Caption-style text data:
_____

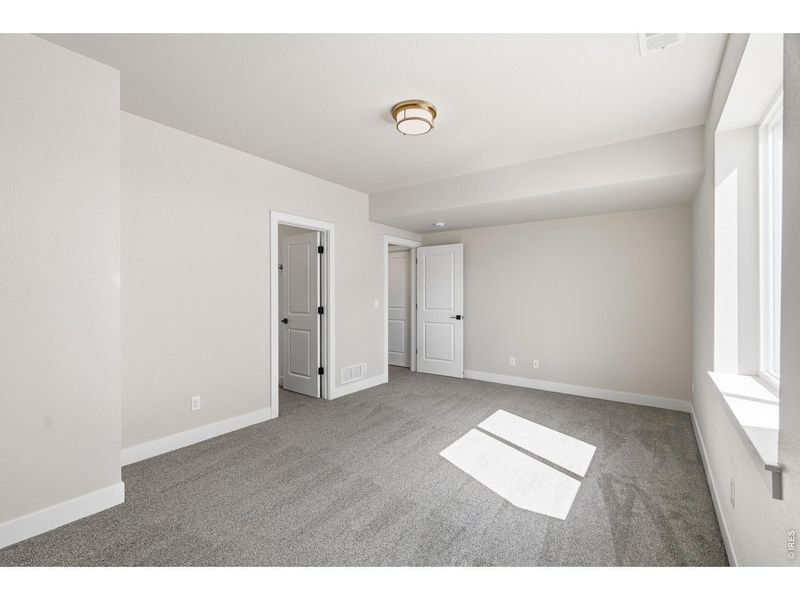 Spacious, unfurnished interior of a new home in , Windsor (Image 43).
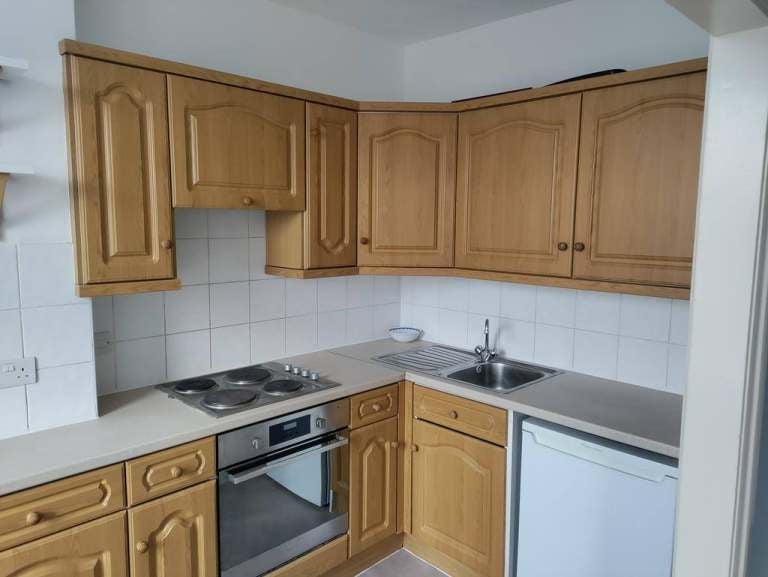 Flat Richmond Way in Greater London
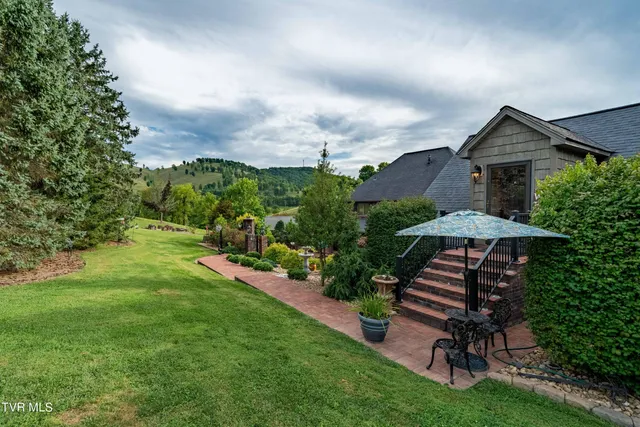 $899,985 | 194 Willow Brook Drive, Rosedale, VA 24280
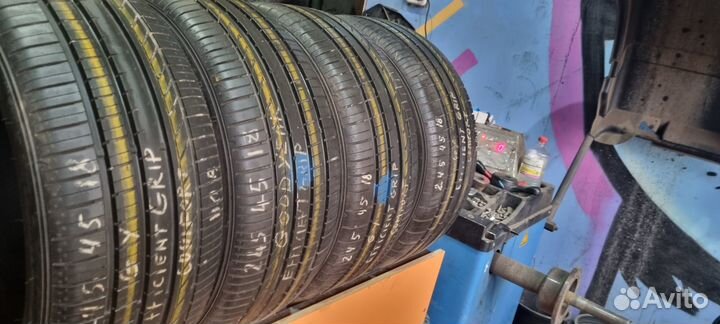 Goodyear EfficientGrip 245/45 R18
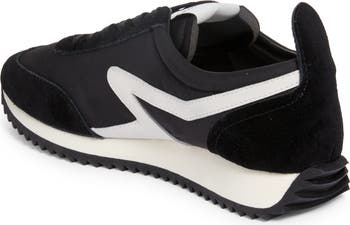 Retro Runner Sneaker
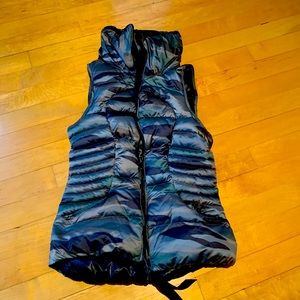 Lululemon camo puffer vest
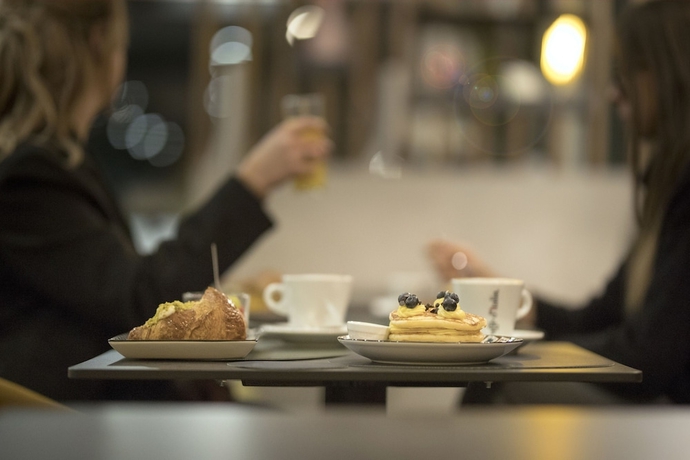 Imagen del bar/restaurante del Hotel Moody smart and comfy. Foto 4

_____

Beginning at the line that contains "Retro Runner Sneaker" and ending at the last line of the data, return each line exactly; no picture belongs in the copy.

 Retro Runner Sneaker
 Lululemon camo puffer vest
 Imagen del bar/restaurante del Hotel Moody smart and comfy. Foto 4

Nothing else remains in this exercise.